Posing As An Uber Driver Means Overhearing Great Convos About Prenups
When Philly CityPaper journo Emily Guendelsberger went undercover as an UberX driver, she learned some amazing things, including what a man says to his fiancee when he is trying to convince her to sign a prenup.
Two good-looking young strangers are having an amazing conversation in the backseat of my car. I’m eavesdropping so hard I nearly run a red light.
Her: Then don’t make me sign it. Ugh, it’s like you’re planning for this not to work.
Him (stammering): No, I just think that, the idea is that …
Her: I mean, what’s the benefit for me in signing one?
Him (after a long pause): I mean, that you’re still going to be able to get married.

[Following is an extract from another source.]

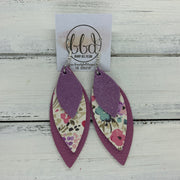 DOROTHY - Leather Earrings  ||  <BR> SHIMMER LILAC, <BR> PINK & PURPLE FLORAL ON WHITE, <BR> MATTE MAUVE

Those crazy kids are going to make it work, I just know it.
After some initial weirdness in set up — Uber, it seems, gives you even less preparation for the real world than Teach for America! — Guendelsberger has some good experiences as a driver:
Once I make it to my first passenger, though, he’s a delight. He’s an older union guy who’s lived within three blocks of me in our Fishtown neighborhood for his whole life. “Wow, I’ve never gotten a woman driver before!” he says. My neighbor says he loves Uber because, even now, you can never get a cab up here. He tells me stuff about Fishtown in the ’60s. As I let him off at 30th Street Station, he waves goodbye and thanks me, and says he’s rating me five stars. The fare pops up on my phone: $10.85. The price of almost two beers for 15 minutes of driving! And if my neighbor had taken a cab, with tip, it would have been an even $20. …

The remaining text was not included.